ロボットが床の物を拾い、棚まで歩き、別のロボットへ仕事を引き継ぐ。映像だけを見ると、ついに何でもできる機械が来たように見えます。
しかし、2026年7月31日未明に公開されたGoogle DeepMindのGemini Robotics 2で本当に重要なのは、派手なhumanoidの動きだけではありません。
Googleは、ロボットのsystemを三つへ分けました。
- 何をすべきか考えるGemini Robotics ER 2
- 実際の身体を動かすGemini Robotics 2
- networkなしで低遅延に動くGemini Robotics On-Device 2
これは巨大なmodel一つに全部やらせる設計からの転換です。高レベルの計画、低レベルの運動、実機固有の安全制御を分離し、それぞれを接続する。AI agentを現実世界へ出すなら、この分業のほうが性能値より重要かもしれません。

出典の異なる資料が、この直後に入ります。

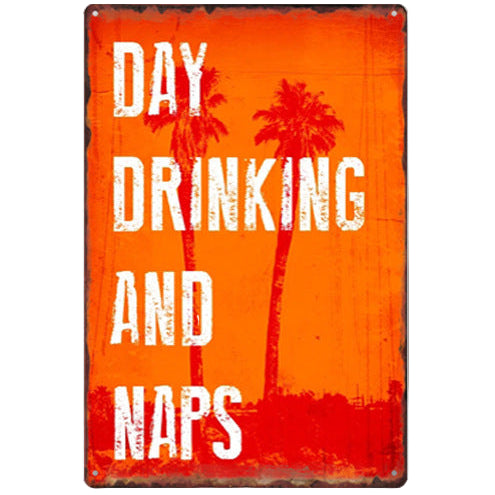 Bar Decor Day Drinking and Naps Metal Sign Palm Trees Vintage Retro Wall Art Tin Signs Beach Decor Gift 8x12 inches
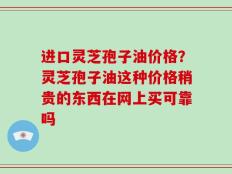 进口灵芝孢子油价格？灵芝孢子油这种价格稍贵的东西在网上买可靠吗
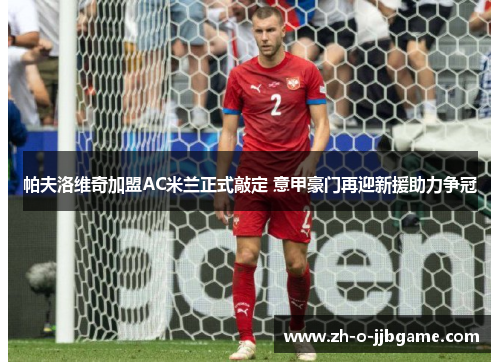 帕夫洛维奇加盟AC米兰正式敲定 意甲豪门再迎新援助力争冠 帕夫洛维奇加盟AC米兰正式敲定 意甲豪门再迎新援助力争冠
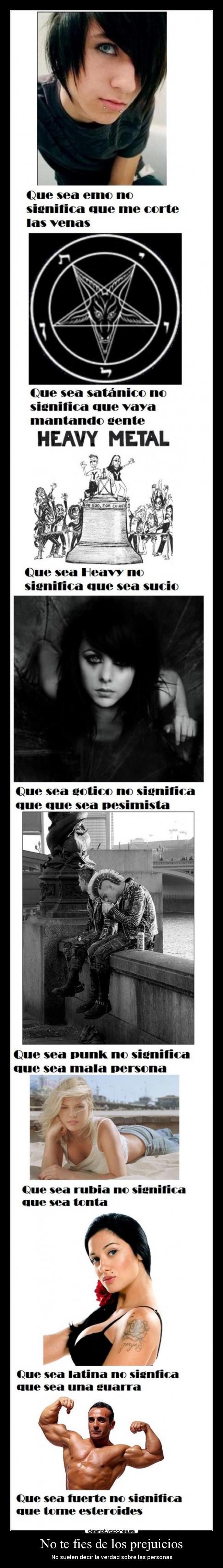 No te fies de los prejuicios -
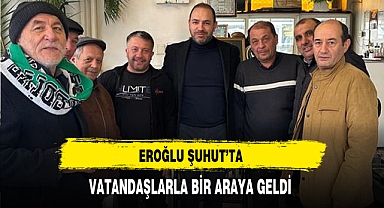 Eroğlu Şuhut'ta Vatandaşla Bir Araya Geldi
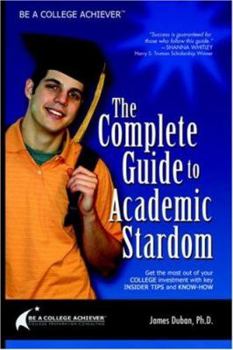 Paperback Be a College Achiever: The Complete Guide to Academic Stardom Book
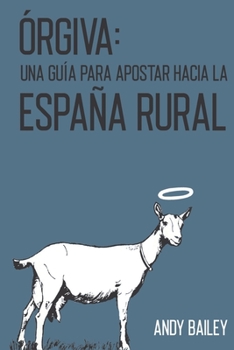 Paperback Órgiva: Una Guía para apostar por la España Rural [Spanish] Book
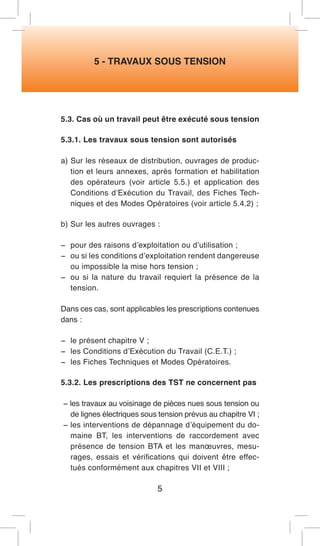 5 - TRAVAUX SOUS TENSION 
5.3. Cas où un travail peut être exécuté sous tension 
5.3.1. Les travaux sous tension sont autorisés 
a) Sur les réseaux de distribution, ouvrages de production et leurs annexes, après formation et habilitation des opérateurs (voir article 5.5.) et application des Conditions d’Exécution du Travail, des Fiches Techniques et des Modes Opératoires (voir article 5.4.2) ; 
b) Sur les autres ouvrages : 
− pour des raisons d’exploitation ou d’utilisation ; 
− ou si les conditions d’exploitation rendent dangereuse ou impossible la mise hors tension ; 
− ou si la nature du travail requiert la présence de la tension. 
Dans ces cas, sont applicables les prescriptions contenues dans : 
− le présent chapitre V ; 
− les Conditions d’Exécution du Travail (C.E.T.) ; 
− les Fiches Techniques et Modes Opératoires. 
5.3.2. Les prescriptions des TST ne concernent pas 
− les travaux au voisinage de pièces nues sous tension ou de lignes électriques sous tension prévus au chapitre VI ; 
− les interventions de dépannage d’équipement du domaine BT, les interventions de raccordement avec présence de tension BTA et les manoeuvres, mesurages, essais et vérifications qui doivent être effectués conformément aux chapitres VII et VIII ; 
5  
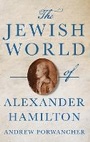 Cover: The Jewish World of Alexander Hamilton - Princeton University Press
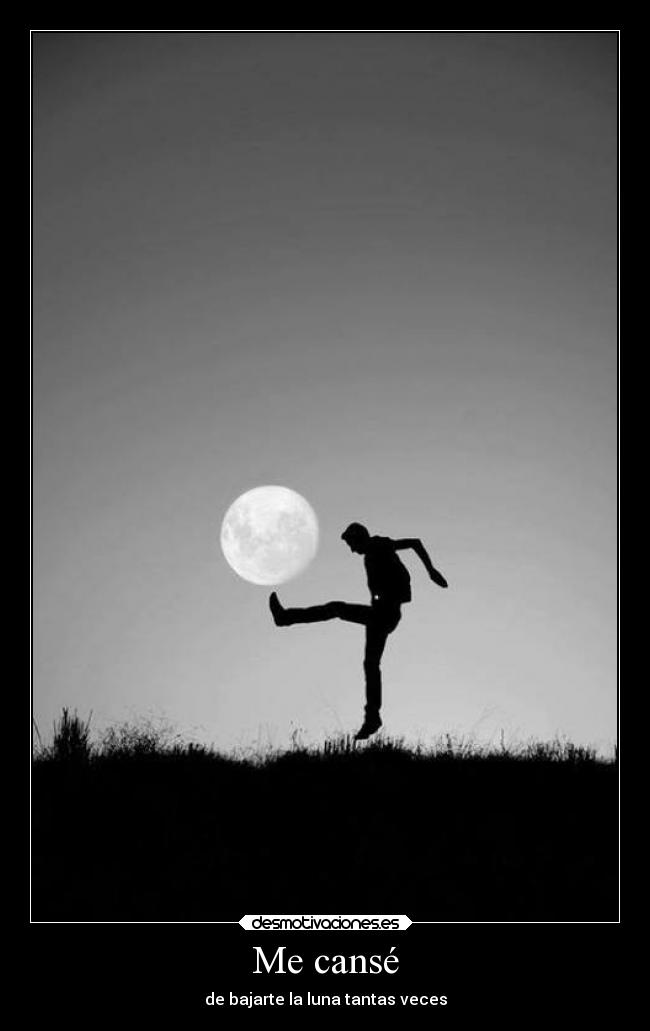 Me cansé - de bajarte la luna tantas veces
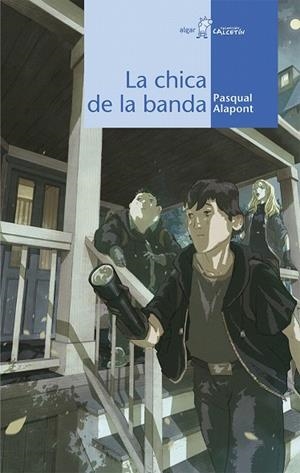 LA CHICA DE LA BANDA | 9788498455939 | ALAPONT,PASQUAL | Libreria Geli - Librería Online de Girona - Comprar libros en catalán y castellano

古い問題。賢いロボットほど、考えている間に世界が動く
従来のrobot policyは、短い指示から短い動作を出すのが得意でした。物をつかむ、箱へ入れる、ボタンを押すといったtaskです。
ところが、部屋を片づける仕事は一手では終わりません。目的を理解し、周囲を見て、歩き、物をつかみ、失敗を見つけ、次の行動を選ぶ必要があります。その間にも人が近づき、物の位置が変わり、前の動作が終わったかどうかも判断しなければなりません。
大きなmodelへ毎回「次は何をする?」と尋ねるだけでは遅い。逆に、速いVLAだけへ全計画を任せると、曖昧な指示や安全制約を扱いにくい。Gemini Robotics 2は、この二つを役割分担させました。
中心設計。ERが監督し、VLAが動く
Gemini Robotics ER 2は、Googleがhigh-level brainと呼ぶembodied reasoning modelです。text、image、video、audioを受け取り、VLAやnavigation API、Google Search、利用者が定義したfunctionをtoolとして呼びます。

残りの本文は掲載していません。